Assignment
Return the listing below unchanged, minus its pictures.

Recorded information
►

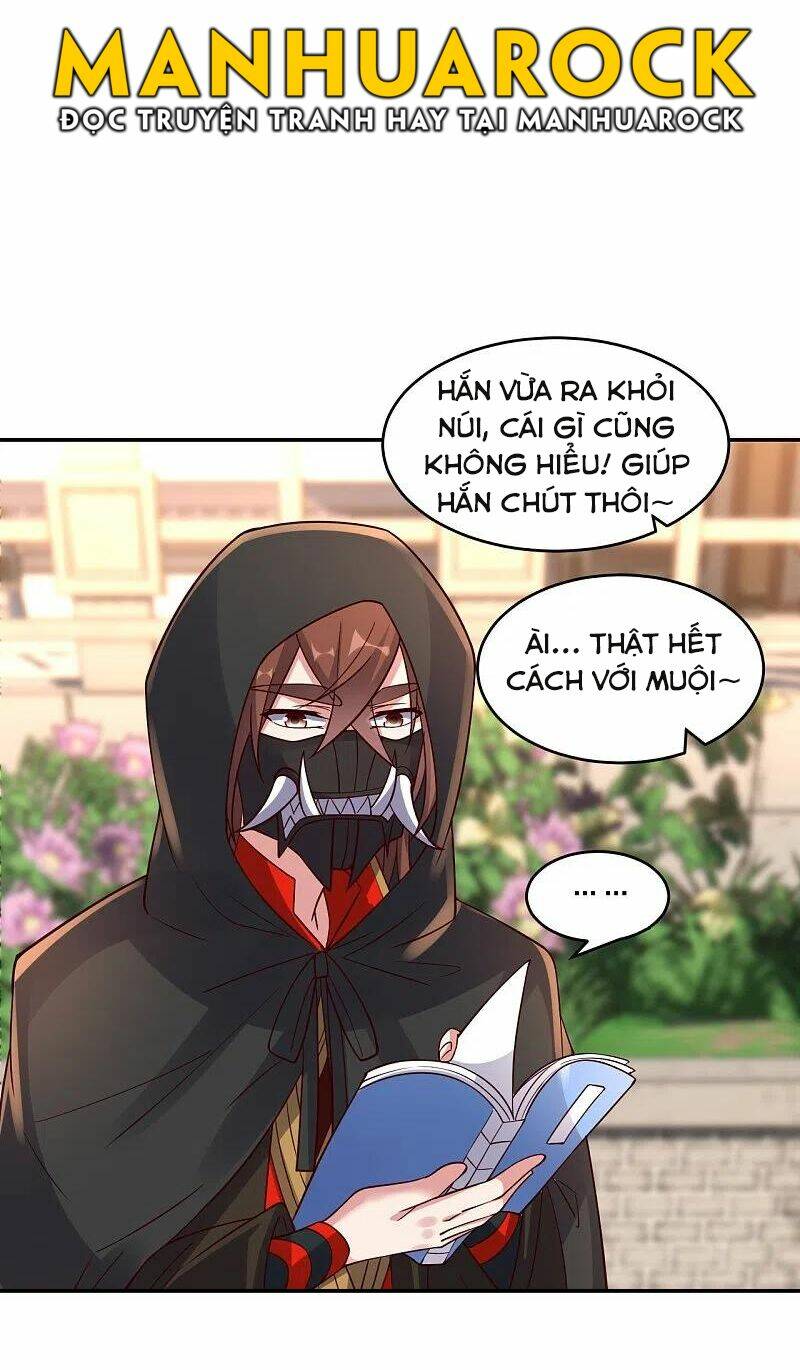 Tiên Võ Đế Tôn Chapter 289 - Trang 2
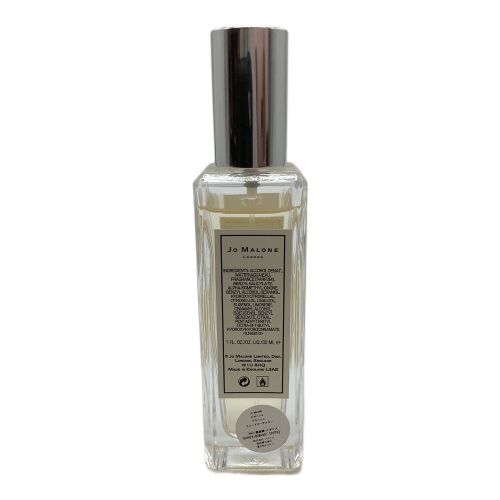 JO MALONE (ジョーマローン) オーデコロン 30ml 残量80%-99%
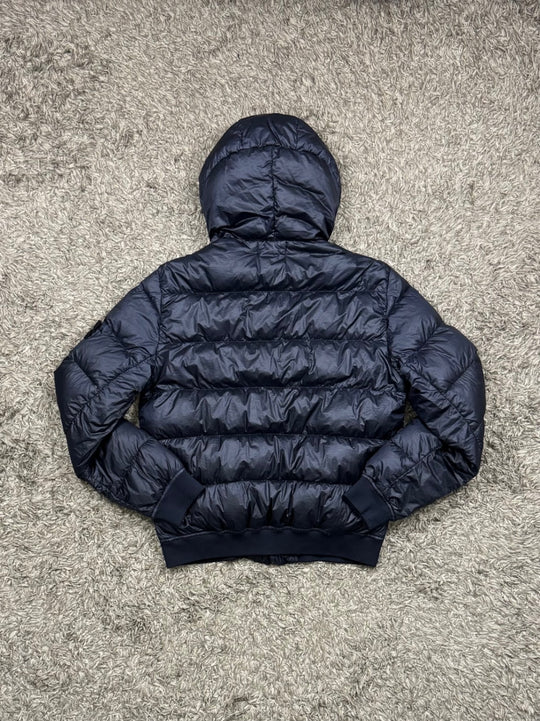 Stone Island Garment Dyed Down 26 GR X SQM_N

◄

Expected answer
 Tiên Võ Đế Tôn Chapter 289 - Trang 2
 JO MALONE (ジョーマローン) オーデコロン 30ml 残量80%-99%
 Stone Island Garment Dyed Down 26 GR X SQM_N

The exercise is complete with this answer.